__What you will do__
Please restate each line of the data below exactly. Omit all images.

__Records to process__
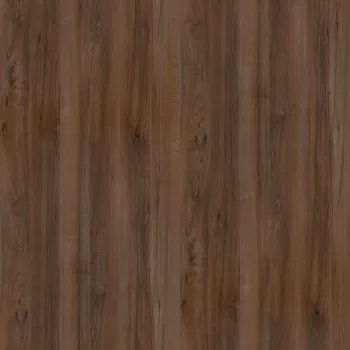 IVERICA OPLEMENJENA H3702 ST10 18/2800/2070mm EGGER 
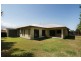 28 Waterlilly Street, Kewarra Beach QLD 4879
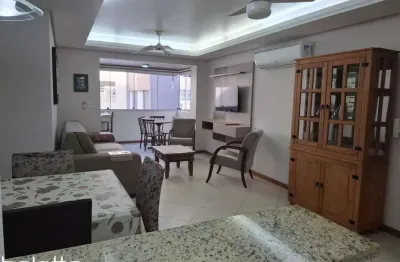 Apartamento 2 dormitórios na prainha em torres, 150 metros do mar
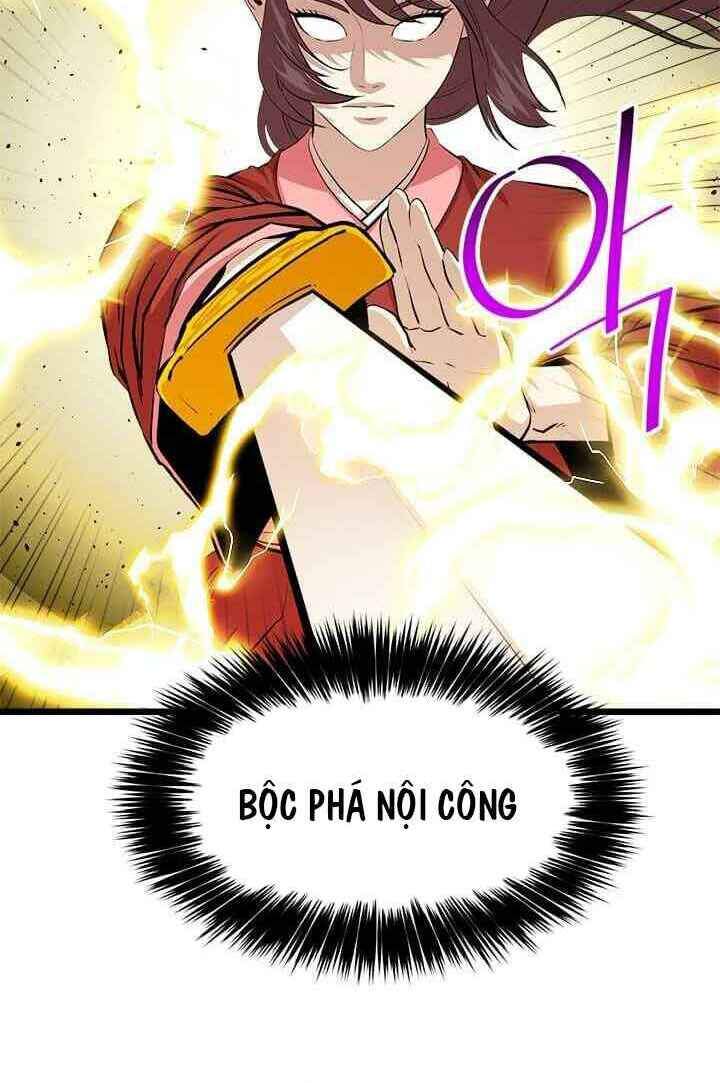 Học Giả Trở Lại - Chương 65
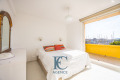 Appartement SANARY-SUR-MER 4536365_3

__Answer space__
 IVERICA OPLEMENJENA H3702 ST10 18/2800/2070mm EGGER 
 28 Waterlilly Street, Kewarra Beach QLD 4879
 Apartamento 2 dormitórios na prainha em torres, 150 metros do mar
 Học Giả Trở Lại - Chương 65
 Appartement SANARY-SUR-MER 4536365_3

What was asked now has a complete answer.